So Matt Hancock likes tech, is what I have learnt so far from his brief tenure as the new incumbent overseeing the inevitable.
I think we are on the same page, just in a different book in a completely parallel universe.
He seems to be reading ‘the NHS made simple – how to impress your mates with a few flashy apps’, while the rest of us are wading through the thickest of tomes entitled ‘how to manage the complex needs of a nation, with no money, no staff and no backup’.
I’m not sure he really gets it. I would love to be able to control my sphygmomanometer from my smart watch, and perform a rectal examination robotically from my car using only AI and my virtual reality mask, but in actual reality, these are not my main priorities. The problems we have are basic, and have not been addressed over the last five years by any overlapping plans, forward views or health secretaries. Maybe his new tech advisory board well help because it certainly won’t be getting bogged down with any frontline clinical input to slow down the tecchies.
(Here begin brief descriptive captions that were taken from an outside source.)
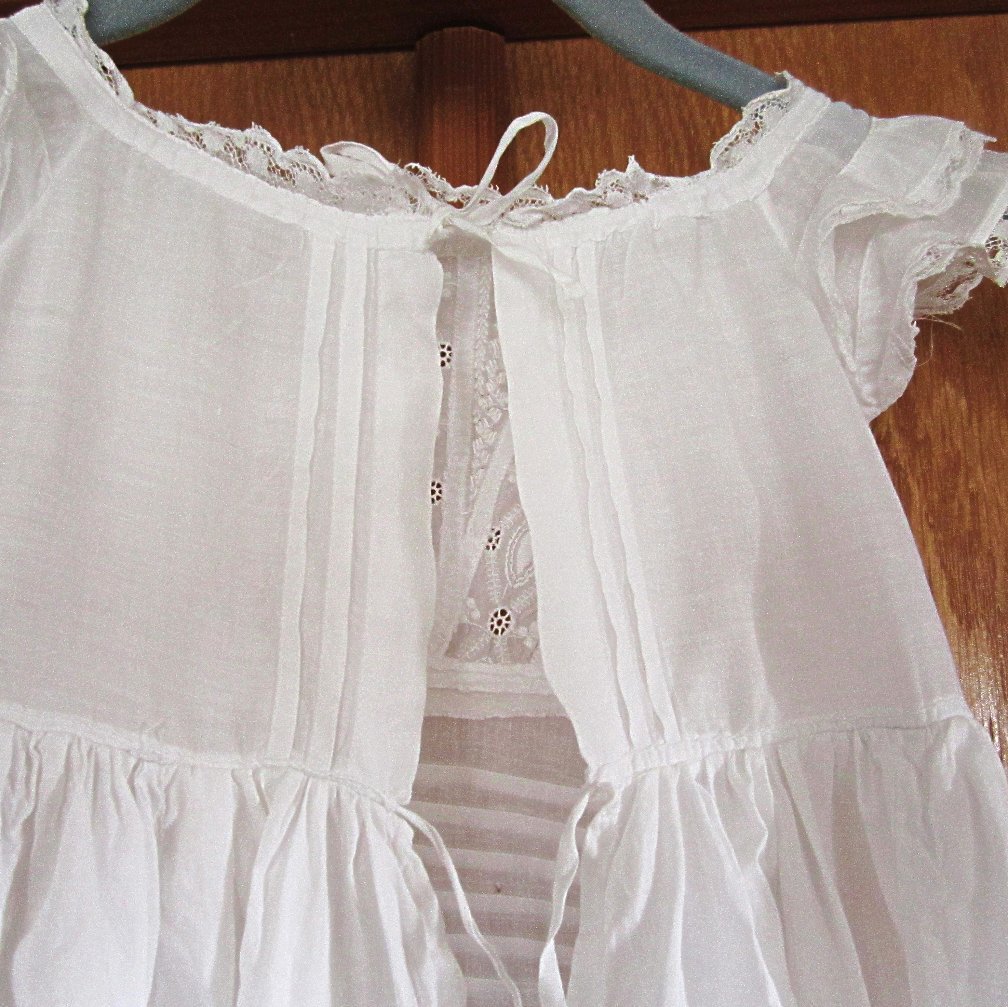 Vintage Cotton Eyelet Christening Dress Vintage Cotton Eyelet Christening Dress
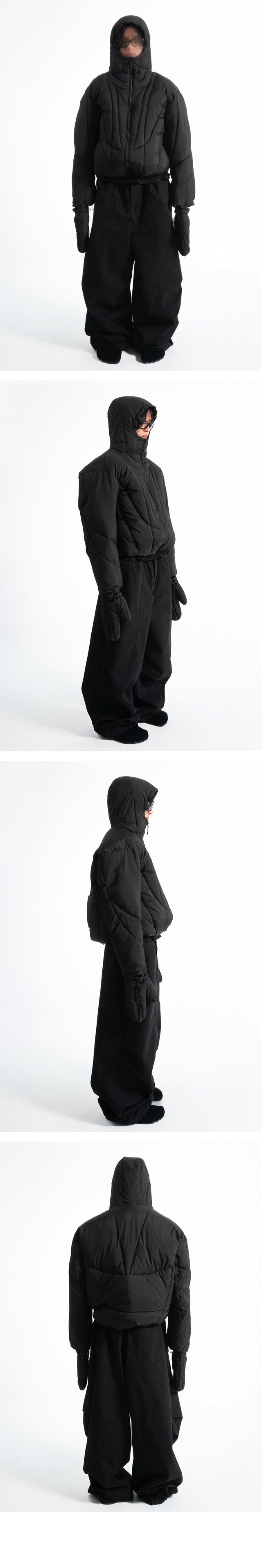 hex glove puffer jacket (3c) - COLN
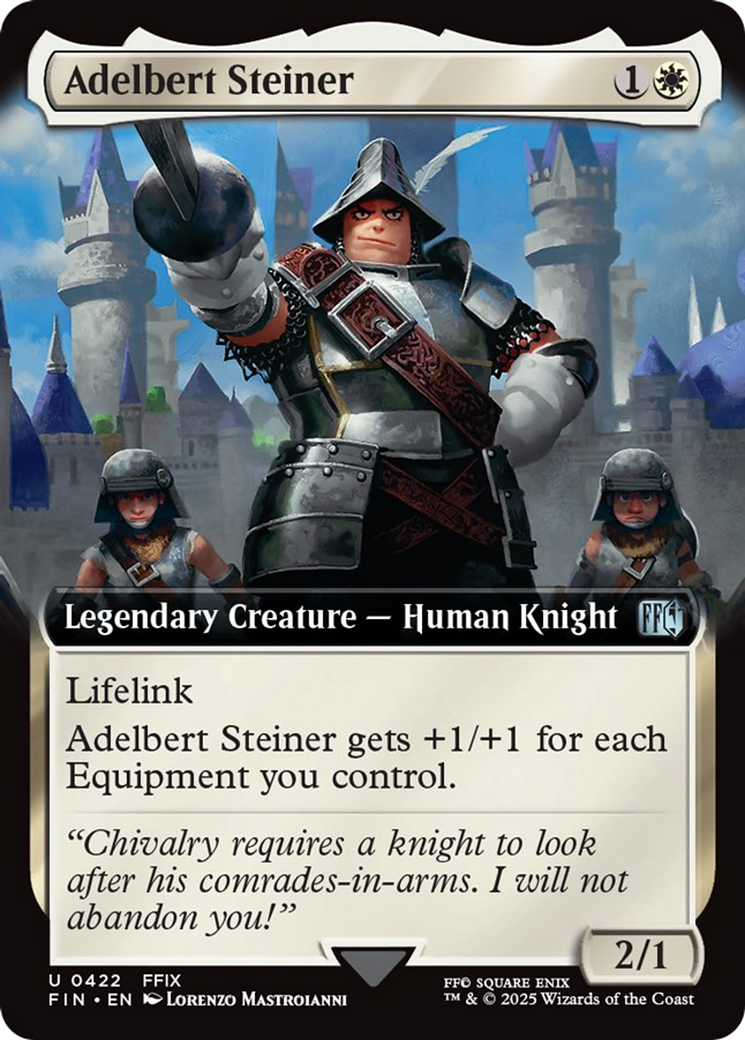 Adelbert Steiner (Extended Art) [FINAL FANTASY] | Jomio and Rueliete's Cards and Comics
Recently he has been talking about the importance of genome sequencing and having this available in the medical record. According to the health secretary, this is ‘part of our bold aspiration to sequence five million genomes in the UK, using ground-breaking technology to do this within an unprecedented five-year period’.
Hancock is on the search for sophisticated tech innovations when really he should be looking to plug the gaps, strengthen the workforce and build bridges with staff
You can’t fault his enthusiasm, but I’m left a little nonplussed at the five-year promise. Will this mature before or after the 5,000 extra GPs I wonder, because we’re certainly going to need those numbers to help decipher the genetic code for our patients.
We use the medical record every day. An up-to-date, summarised record is such an important tool to help provide appropriate care – but it doesn’t need to be complicated. For example, a message to update us of any outpatient appointment in the last two months would be a good starting point, as I’m getting a bit fed up of the look of disbelief on patients’ faces when I have to explain five times a day that we are working in the dark DESPITE THE FACT THEY WERE TOLD THE LETTER WOULD BE EMAILED TO ME THE NEXT DAY…
So our intrepid Hancock is on the search for tech innovations to build the ‘most dynamic health-tech ecosystem on the planet’ when really he should be looking to plug the gaps, strengthen the workforce, and build bridges with staff to provide a safe environment for patients.
Whenever I see his name now, I just can’t help thinking of the wonderful Tony Hancock, creator of the BBCs Hancocks’s Half Hour, who was always willing to help. If you haven’t seen Hancock’s The Blood Donor from 1961 it is worth a watch on the internet:
‘I’ve been thinking about this for a long time. Something for the benefit of the country as a whole. What should it be, I thought: become a blood donor or join the Young Conservatives?
‘Anyway, as I’m not looking for a wife and I can’t play table tennis, here I am.’
I don’t know if the Hancocks are related (it would be wonderful if they were) but they certainly share some strange ideas about the expectations of NHS services; it’s just that one is pure comedy gold, and the other sadly passed away in 1968.